Sorry could you please give an example how would I convert internal predicted items to external for each user? I guess I understood how to convert users' ids, but not sure if i'm doing items convertions right way
1) I have troubles at this point on example of movies dataset:
The number of users: 944
Average actions of users: 106.04453870625663
The number of items: 1683
Average actions of items: 59.45303210463734
The number of inters: 100000
there are 1683 items (where fist item is just padding (?), so when I receive scores of all the items that I have from full_sort_scores
function, I can get rid of one element as it's no real item there (?) as there are actually 1682 items not 1683) and then what would be a correct conversion to external items?
2) I'm also struggling understanding how would I predict items for new users? for example i already trained my model on users 1,2,3,4 and now want to predict items for user 1 (which is was in train set) and user 5 (which is a new user)

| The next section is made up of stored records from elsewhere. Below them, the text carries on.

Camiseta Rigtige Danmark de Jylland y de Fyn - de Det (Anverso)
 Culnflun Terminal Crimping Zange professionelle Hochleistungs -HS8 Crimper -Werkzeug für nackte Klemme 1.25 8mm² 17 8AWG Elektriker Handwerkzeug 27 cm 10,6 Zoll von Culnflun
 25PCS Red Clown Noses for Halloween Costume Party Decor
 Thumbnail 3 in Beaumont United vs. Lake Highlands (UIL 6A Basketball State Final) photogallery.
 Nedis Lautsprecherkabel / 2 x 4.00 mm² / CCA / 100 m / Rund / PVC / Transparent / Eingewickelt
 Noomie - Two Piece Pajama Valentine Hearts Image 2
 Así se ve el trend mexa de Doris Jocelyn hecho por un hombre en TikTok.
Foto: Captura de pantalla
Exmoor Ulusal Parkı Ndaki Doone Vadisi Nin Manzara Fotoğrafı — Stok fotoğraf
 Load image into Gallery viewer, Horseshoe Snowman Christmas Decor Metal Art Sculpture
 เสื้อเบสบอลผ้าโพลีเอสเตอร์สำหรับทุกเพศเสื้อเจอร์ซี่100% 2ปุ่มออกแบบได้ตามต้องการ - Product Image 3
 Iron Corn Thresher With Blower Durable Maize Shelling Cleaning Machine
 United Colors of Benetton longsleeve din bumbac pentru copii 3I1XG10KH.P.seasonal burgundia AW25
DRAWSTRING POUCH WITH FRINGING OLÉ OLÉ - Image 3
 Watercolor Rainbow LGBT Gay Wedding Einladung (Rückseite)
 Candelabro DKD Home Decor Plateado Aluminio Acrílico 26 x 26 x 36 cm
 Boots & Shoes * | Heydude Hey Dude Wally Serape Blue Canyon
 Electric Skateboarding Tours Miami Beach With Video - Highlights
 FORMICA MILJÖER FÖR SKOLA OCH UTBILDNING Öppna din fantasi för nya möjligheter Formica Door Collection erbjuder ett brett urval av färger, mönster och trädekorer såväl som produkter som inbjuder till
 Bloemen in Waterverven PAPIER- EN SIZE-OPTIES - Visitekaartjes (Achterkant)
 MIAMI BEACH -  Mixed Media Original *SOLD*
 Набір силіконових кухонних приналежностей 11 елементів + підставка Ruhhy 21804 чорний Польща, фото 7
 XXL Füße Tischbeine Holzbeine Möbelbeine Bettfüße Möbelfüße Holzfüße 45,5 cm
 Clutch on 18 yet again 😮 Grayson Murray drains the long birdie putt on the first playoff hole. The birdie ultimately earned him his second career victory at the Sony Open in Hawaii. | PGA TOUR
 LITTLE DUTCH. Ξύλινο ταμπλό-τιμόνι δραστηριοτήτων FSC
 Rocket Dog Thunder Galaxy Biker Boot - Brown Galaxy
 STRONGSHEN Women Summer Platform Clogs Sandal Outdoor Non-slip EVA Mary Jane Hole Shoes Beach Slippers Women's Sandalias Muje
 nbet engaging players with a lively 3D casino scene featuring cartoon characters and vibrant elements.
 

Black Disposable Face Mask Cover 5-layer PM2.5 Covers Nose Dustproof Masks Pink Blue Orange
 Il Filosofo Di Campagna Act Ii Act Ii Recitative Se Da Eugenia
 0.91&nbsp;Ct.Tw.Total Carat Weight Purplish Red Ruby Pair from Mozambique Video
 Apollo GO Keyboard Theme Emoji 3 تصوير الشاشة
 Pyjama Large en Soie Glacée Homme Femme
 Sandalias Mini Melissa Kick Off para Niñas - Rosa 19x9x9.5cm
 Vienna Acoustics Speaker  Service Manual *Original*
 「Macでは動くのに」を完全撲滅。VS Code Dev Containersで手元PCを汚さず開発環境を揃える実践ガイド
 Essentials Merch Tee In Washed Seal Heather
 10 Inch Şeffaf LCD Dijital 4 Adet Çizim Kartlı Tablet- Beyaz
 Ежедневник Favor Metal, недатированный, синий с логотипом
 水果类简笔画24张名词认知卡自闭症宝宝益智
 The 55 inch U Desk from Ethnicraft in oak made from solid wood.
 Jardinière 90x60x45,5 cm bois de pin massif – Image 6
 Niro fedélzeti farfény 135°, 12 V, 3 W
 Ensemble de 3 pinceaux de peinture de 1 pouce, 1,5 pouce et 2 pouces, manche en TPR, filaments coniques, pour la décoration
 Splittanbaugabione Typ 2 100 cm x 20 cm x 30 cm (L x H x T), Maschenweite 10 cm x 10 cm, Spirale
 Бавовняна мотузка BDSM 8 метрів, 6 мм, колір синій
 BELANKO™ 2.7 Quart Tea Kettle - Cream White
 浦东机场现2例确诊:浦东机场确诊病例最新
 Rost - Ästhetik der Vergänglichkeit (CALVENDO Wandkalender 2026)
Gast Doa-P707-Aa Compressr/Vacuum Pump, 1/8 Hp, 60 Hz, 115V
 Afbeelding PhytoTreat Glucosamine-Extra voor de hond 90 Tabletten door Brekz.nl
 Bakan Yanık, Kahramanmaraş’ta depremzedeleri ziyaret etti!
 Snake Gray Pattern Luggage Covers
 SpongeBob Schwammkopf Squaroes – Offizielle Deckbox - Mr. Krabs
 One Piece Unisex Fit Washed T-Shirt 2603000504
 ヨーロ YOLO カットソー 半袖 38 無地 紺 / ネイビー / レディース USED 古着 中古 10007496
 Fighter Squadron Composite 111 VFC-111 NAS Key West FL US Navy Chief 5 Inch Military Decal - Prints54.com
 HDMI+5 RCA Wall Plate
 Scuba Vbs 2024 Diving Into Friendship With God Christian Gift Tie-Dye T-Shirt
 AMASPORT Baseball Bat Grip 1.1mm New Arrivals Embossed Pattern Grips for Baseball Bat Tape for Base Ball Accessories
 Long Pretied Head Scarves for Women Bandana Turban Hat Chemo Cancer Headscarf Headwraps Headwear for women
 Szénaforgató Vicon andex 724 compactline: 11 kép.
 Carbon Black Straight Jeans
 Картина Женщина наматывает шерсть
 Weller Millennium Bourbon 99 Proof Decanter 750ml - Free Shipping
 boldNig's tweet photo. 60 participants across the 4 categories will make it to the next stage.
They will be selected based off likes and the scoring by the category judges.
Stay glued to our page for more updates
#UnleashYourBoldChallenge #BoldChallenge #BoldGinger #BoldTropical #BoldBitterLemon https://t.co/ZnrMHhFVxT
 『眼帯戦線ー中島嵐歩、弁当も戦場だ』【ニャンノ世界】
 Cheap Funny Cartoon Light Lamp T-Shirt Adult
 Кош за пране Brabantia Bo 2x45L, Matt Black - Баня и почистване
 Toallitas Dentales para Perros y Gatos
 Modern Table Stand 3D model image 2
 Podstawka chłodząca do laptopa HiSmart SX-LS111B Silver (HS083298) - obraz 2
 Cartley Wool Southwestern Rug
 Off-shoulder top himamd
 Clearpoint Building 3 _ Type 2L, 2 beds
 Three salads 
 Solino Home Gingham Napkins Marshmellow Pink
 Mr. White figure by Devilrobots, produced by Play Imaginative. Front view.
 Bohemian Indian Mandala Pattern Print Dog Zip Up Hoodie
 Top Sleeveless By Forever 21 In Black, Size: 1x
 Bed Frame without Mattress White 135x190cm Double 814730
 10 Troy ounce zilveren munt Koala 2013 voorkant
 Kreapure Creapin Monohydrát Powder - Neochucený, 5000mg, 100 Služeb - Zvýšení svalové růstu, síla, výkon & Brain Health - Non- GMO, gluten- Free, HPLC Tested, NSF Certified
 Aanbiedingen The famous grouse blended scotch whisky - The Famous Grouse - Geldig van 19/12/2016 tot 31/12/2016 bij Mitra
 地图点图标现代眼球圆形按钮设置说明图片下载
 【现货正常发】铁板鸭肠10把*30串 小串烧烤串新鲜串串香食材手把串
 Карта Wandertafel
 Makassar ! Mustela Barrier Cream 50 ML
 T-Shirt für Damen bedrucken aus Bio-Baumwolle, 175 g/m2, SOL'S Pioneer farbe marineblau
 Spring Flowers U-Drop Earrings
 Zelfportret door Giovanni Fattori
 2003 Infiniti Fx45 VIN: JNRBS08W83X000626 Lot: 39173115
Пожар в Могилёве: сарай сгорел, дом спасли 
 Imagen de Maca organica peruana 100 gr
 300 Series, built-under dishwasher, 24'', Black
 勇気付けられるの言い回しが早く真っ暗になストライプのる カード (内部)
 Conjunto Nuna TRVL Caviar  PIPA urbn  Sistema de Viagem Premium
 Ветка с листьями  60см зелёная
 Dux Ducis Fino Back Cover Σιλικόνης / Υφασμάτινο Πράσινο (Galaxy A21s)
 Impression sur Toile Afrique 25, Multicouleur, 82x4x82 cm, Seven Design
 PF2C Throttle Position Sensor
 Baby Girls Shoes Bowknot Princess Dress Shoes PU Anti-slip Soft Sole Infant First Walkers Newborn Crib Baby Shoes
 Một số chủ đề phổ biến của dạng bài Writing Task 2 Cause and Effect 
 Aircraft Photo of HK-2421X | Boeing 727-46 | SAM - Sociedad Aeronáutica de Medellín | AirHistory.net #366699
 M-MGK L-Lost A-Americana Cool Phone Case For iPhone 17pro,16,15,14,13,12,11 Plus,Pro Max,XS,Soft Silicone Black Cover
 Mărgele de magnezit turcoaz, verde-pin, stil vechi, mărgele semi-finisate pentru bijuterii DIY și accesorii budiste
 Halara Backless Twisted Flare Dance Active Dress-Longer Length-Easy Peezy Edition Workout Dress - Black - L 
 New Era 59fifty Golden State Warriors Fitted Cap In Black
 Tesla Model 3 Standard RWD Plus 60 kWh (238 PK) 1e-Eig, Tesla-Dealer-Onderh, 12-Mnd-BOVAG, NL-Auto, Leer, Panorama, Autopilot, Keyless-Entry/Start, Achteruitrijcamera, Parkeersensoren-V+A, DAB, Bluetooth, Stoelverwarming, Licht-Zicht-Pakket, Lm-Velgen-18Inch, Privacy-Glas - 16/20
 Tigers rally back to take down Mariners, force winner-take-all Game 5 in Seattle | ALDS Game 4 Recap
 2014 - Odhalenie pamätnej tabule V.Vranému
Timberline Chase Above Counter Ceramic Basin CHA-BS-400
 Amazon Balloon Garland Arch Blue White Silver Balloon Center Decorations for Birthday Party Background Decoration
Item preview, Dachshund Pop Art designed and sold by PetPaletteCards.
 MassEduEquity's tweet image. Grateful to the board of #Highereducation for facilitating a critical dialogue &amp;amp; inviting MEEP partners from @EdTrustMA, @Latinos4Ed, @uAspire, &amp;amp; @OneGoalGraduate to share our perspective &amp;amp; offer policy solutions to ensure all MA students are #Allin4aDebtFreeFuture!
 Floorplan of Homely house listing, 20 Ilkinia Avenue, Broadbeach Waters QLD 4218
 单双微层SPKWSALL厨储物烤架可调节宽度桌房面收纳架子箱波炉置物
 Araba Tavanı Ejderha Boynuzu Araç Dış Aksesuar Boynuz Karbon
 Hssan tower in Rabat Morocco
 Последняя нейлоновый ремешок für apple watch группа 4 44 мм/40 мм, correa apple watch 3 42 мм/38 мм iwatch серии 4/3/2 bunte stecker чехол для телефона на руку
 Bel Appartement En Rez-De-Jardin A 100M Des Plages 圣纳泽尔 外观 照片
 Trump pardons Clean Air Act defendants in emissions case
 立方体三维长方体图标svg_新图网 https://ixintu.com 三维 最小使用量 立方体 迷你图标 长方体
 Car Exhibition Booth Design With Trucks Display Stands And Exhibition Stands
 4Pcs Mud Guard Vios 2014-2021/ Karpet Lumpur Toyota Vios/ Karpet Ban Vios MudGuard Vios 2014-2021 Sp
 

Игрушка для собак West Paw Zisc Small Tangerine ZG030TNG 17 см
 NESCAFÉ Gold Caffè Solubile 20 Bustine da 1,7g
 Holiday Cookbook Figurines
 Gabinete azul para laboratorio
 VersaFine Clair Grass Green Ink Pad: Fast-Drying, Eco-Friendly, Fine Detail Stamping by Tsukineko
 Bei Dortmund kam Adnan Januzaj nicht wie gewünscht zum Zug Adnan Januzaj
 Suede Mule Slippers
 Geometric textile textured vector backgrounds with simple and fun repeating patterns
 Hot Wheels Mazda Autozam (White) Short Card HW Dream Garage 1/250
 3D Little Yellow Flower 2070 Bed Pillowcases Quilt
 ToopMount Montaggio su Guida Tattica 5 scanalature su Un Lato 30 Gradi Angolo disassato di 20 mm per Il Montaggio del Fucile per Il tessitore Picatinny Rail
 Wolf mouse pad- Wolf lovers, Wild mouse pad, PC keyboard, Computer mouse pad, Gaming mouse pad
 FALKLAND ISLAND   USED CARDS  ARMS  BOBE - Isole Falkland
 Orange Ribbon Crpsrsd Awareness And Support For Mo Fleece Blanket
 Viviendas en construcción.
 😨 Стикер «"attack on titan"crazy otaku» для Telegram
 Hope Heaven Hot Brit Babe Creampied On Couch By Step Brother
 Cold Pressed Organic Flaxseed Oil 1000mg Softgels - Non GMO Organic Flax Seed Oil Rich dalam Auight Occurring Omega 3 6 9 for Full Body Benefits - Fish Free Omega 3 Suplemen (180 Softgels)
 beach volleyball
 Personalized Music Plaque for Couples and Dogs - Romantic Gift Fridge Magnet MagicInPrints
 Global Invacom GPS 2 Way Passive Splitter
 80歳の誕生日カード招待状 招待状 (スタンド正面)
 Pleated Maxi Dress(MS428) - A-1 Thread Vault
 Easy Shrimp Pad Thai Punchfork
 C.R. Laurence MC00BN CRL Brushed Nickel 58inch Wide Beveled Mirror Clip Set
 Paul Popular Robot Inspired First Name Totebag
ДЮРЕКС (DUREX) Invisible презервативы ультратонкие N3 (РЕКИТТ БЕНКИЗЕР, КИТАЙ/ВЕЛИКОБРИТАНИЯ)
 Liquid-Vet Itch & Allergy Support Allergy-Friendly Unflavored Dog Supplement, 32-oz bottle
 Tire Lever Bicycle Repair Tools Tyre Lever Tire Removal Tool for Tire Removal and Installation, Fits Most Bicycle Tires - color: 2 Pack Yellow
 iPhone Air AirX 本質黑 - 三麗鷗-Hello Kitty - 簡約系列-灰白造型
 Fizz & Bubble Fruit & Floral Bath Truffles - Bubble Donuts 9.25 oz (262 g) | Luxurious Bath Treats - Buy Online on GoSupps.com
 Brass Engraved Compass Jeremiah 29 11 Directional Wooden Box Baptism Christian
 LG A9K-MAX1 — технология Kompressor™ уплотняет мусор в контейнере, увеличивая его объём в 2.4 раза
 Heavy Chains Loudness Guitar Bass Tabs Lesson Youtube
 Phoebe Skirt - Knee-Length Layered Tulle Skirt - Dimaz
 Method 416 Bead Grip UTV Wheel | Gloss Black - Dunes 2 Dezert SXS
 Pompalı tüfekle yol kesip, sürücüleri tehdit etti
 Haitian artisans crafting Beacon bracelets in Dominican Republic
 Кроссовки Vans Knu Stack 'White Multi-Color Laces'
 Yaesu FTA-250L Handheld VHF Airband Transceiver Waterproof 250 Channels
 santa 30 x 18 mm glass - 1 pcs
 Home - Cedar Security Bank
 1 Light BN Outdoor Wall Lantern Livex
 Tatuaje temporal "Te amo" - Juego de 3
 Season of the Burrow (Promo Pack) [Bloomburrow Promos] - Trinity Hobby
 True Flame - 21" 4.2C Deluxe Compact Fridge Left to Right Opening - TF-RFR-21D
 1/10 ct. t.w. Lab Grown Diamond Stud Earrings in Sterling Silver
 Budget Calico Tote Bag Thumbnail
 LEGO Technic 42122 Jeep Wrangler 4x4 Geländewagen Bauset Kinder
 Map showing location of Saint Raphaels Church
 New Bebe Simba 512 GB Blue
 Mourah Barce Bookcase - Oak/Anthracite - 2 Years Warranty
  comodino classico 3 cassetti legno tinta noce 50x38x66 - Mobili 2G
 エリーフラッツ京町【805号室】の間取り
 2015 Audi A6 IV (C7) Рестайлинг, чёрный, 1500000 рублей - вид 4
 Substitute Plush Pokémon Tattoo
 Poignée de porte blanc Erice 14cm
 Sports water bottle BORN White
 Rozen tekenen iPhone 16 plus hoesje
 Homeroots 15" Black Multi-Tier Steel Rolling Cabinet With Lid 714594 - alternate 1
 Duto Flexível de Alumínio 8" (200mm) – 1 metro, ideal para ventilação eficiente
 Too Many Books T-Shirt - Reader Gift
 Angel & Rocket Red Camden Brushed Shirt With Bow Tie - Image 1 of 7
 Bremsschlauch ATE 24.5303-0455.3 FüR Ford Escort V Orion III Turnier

input_inter = Interaction({
'user_id': torch.tensor([1, 100]),
'item_id_list': torch.tensor([[1, 2, 3, 0, 0],
[4, 5, 0, 0, 0]])
})
and when I'm trying to do
with torch.no_grad():
scores = model.full_sort_predict(input_inter)
I'm getting IndexError: index 100 is out of bounds for dimension 0 with size 5
how would I fix that?
@AsyaEvloeva In your example, you just need to use id2token
correctly and you can get the predicted external items as follows:
topk_score, topk_iid_list = full_sort_topk(uid_series, model, test_data, k=10, device=config['device'])
print(topk_score) # scores of top 10 items
print(topk_iid_list) # internal id of top 10 items
external_item_list = dataset.id2token(dataset.iid_field, topk_iid_list.cpu())
print(external_item_list) # external tokens of top 10 items
As for your second question, we can't provide reliable recommendations for new users without any interaction records. Cold start is an ongoing problem in the recommendation system. This is intuitive, we can't provide personalized recommendations for a new user without any information. For models that use user embeddings
, you can only use users who have appeared in the training set.
Towards that, later studies like SVD++, FISM, NAIS, and ACF view personal history of a user as her features, and integrate embeddings of historical items via the average or attention network as user embeddings. Another similar line applies autoencoders on interaction histories to estimate the generative process of user behaviors, such as Mult-VAE, AutoRec, CDAE and RecVAE.
In this case, we don't need user ID, and we only need to recommend items based on historical interaction. However, RecBole doesn't have an existing interface to provide item list recommendation for new users, so you need to write your own code according to your needs.
For example, in the AE-based models, you need to modify rating_matrix
during prediction, we should use the item list directly instead of self.history_item_id[user]
to get a batch of user's feature with the item_id_list
.
thank you for this example!! now i get it😁
I'm looking not for a cold start problem solution, but more about recommendations for new users with provided interaction records. so if i'm using RecVAE model, is there any already-built possibility to update dataset with such new records and continue training model and making predictions on such updated dataset?
@AsyaEvloeva Sorry, we don't have such an interface at present.
I'm trying to understand how to get all users from my test dataset with the corresponding predicted items per each user? I use RecVAE model and when I get top items like that:
it returns just items which doesn't correspond to number of users I have in
test_data.dataset.user_num
So I'm a little lost, how would I see user per each of thesetopk_items
predictions? And how to access initial items for each user from test data?